COLLECTED MATERIAL:
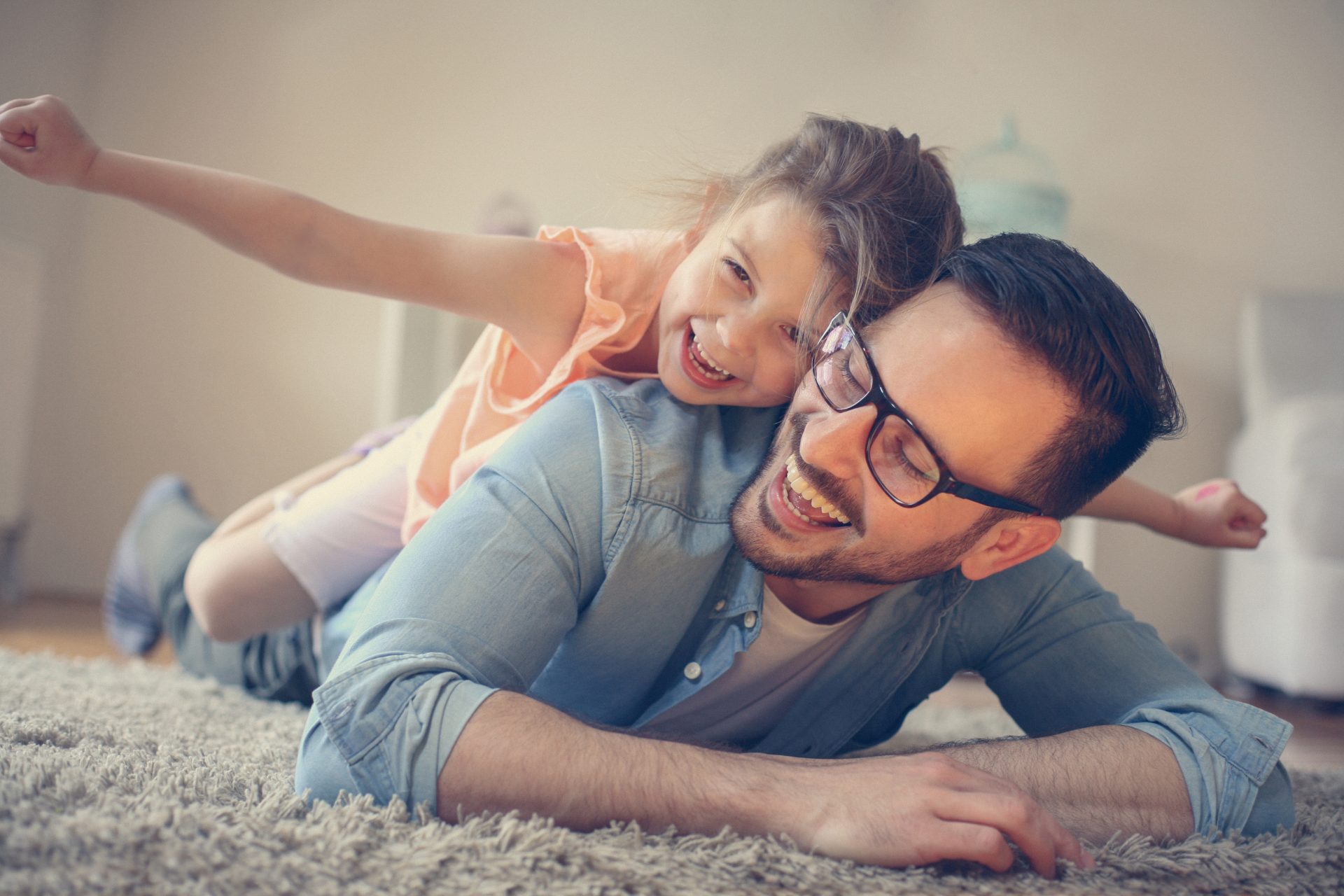 Yes, You Can Afford Solar!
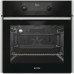 Духовой шкаф GORENJE BOP737E28XG Духовой шкаф GORENJE BOP737E28XG
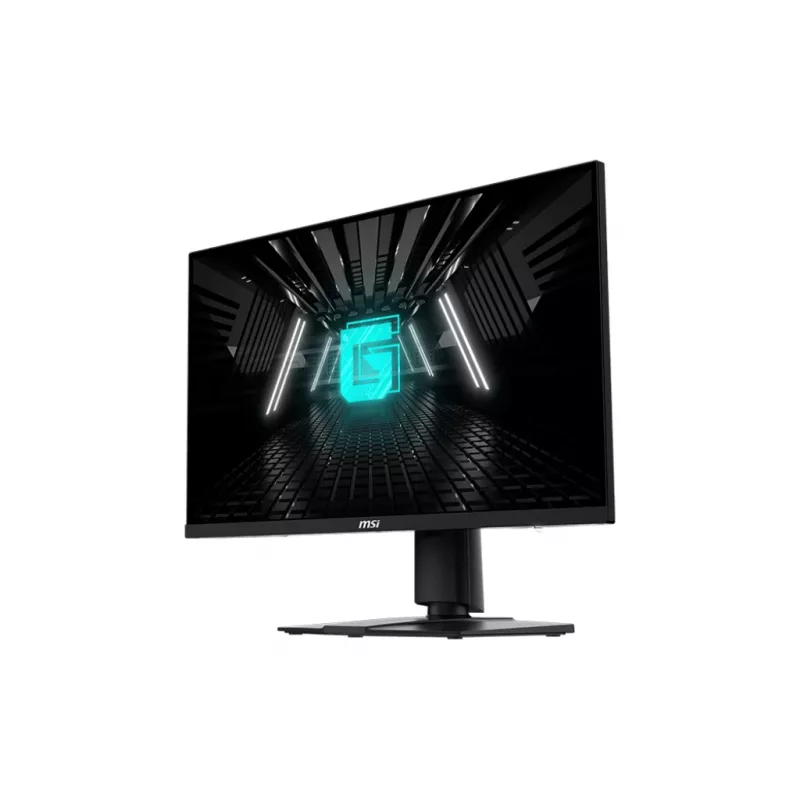 Monitor MSI G274QPF E2 27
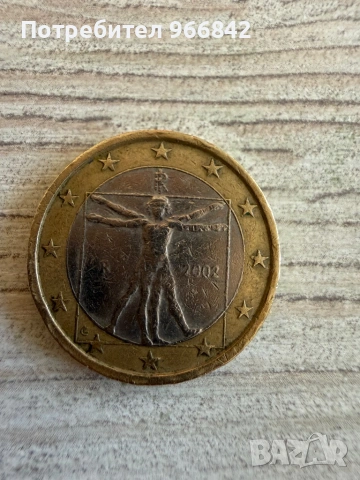 Европейски монети, снимка 7 - Колекции - 53133958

WHAT IS EXPECTED: The expected output is the exact run of lines from the one containing "Monitor MSI G274QPF E2 27" through the final line of the data above, both ends included, with no pictures.

RESPONSE:
 Monitor MSI G274QPF E2 27
 Европейски монети, снимка 7 - Колекции - 53133958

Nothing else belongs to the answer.